Production from Scratch - fastai Lesson 3
A notebook that follows 02_produciton.ipynb but for fossils
import fastbook
fastbook.setup_book()
Retrieve files of our subject from bing image search. The images we search for are downloaded locally.
key = os.environ.get('AZURE_SEARCH_KEY', 'xyz')
results = search_images_bing(key, 'trilobite')
ims = results.attrgot('content_url')
len(ims)
fossil_types = 'trilobite', 'crinoid', 'bivalve'
path = Path('critters')
for o in fossil_types:
dest = (path/o)
if not dest.exists():
dest.mkdir(exist_ok=True)
results = search_images_bing(key, f'{o} fossil')
download_images(dest, urls=results.attrgot('content_url'))
Some post processing cleanup might be required to remove empty files, html data, or files that are encoded in a format that PIL cannot understand (such as VP8). They might say they are '.jpg' files, but that does NOT mean that they are!
fastai has a handy get_image_files()
function that will recursively identify images and return them as a list and a verify_images()
which returns a list of images that are not up to snuff. Then, we use L.map()
to unlink (remove) any files in the failed images list.
fns = get_image_files(path)
fns
failed = verify_images(fns)
failed
failed.map(Path.unlink);
Time to take a look at the images we've downloaded. fastai has a handy show_batch()
function for its ImageDataLoaders objects so we can get a preview of the images inside jupyter. We must specify item_tfms=
or else the widget will not be able to render the wide variety of image resolutions that have been downloaded.

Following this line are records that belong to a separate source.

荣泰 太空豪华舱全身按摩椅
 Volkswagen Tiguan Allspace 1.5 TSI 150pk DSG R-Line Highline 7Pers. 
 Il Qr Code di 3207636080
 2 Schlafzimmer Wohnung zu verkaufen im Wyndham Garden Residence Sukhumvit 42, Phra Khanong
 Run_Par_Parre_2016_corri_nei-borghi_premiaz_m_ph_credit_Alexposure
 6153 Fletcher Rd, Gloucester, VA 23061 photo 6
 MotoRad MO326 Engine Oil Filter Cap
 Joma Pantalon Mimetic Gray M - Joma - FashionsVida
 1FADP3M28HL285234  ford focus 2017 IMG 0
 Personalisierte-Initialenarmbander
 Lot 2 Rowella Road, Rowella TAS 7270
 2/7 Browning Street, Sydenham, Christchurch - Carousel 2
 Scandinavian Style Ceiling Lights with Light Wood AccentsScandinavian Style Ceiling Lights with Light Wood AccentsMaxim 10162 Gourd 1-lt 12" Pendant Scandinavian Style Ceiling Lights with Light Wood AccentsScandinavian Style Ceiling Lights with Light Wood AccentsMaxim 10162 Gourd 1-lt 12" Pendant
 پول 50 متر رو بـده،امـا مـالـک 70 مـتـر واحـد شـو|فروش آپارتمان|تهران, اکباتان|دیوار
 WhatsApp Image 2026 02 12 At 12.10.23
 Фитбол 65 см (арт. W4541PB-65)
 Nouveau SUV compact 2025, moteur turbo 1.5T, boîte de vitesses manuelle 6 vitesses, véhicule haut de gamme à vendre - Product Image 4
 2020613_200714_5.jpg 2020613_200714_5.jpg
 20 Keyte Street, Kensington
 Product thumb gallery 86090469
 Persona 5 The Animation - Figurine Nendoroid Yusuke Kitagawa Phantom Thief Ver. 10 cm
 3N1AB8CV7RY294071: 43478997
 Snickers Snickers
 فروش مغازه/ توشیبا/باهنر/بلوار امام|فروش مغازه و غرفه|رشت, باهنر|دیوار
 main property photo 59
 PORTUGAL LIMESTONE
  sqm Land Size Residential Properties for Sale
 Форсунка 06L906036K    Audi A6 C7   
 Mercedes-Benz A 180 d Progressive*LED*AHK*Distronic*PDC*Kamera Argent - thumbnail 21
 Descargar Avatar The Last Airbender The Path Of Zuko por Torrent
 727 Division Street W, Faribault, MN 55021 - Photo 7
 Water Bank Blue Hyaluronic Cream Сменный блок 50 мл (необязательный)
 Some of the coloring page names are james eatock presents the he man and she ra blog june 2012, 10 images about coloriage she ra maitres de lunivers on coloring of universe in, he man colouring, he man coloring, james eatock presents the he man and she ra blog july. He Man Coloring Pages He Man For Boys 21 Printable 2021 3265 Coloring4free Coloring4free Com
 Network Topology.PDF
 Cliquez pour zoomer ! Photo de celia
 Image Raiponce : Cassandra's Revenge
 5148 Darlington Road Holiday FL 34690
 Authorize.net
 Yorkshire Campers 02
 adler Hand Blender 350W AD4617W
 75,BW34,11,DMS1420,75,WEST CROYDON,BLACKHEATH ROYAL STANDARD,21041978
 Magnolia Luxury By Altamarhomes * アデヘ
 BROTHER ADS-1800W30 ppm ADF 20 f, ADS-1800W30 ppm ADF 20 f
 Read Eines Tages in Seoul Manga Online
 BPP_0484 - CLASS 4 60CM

dls = ImageDataLoaders.from_folder(path/'crinoid', valid_pct=0.2, item_tfms=Resize(256))
dls.valid_ds.items[:3]
dls.show_batch(max_n=40, nrows=4)
dls = ImageDataLoaders.from_folder(path/'trilobite', valid_pct=0.2, item_tfms=Resize(256))
dls.show_batch(max_n=40, nrows=4)
dls = ImageDataLoaders.from_folder(path/'bivalve', valid_pct=0.2, item_tfms=Resize(256))
dls.show_batch(max_n=40, nrows=4)
We are now ready to create a DataBlock. The DataBlock will contain our images and labels; it will need to know how to 'find' the items, how to separate them into a training set and a validation set, where to get the dependent variable from (the label, e.g. the directory they are in), and last how to transform the image so that we can run CUDA on it.
critters = DataBlock(
blocks=(ImageBlock, CategoryBlock),
get_items=get_image_files,
splitter=RandomSplitter(valid_pct=0.2, seed=42),
get_y=parent_label,
item_tfms=RandomResizedCrop(256, min_scale=0.3))
The data block has not yet seen our data, so lets show it the data.
dls = critters.dataloaders(path, bs=64)
dls.valid.show_batch(max_n=10, nrows=2)
dls.train.show_batch(max_n=10, nrows=2)
learn = cnn_learner(dls, resnet34, metrics=error_rate)
learn.fine_tune(3)
interp = ClassificationInterpretation.from_learner(learn)
interp.plot_confusion_matrix()
interp.plot_top_losses(10, nrows=2)
cleaner = ImageClassifierCleaner(learn)
cleaner
learn.export()
#path.ls(file_exts='.pkl')
p = Path()
p.ls(file_exts='.pkl')
I had some cleanup issues when using the ImageClassifierCleaner()
class. After using the widget and then invoking the for
loops to unlink and move the images, it threw an exception because filenames already existed. It appears it had problems counting the images/moving the files due to name collisions. It also wasn't clear what to do after cleaning the dataset - simply running learn.fine_tune(1)
did not work since the dataset had changed, so I reinitialized the datablock and retrained the model. This improved performance from an error rate of about 17% to about 14%.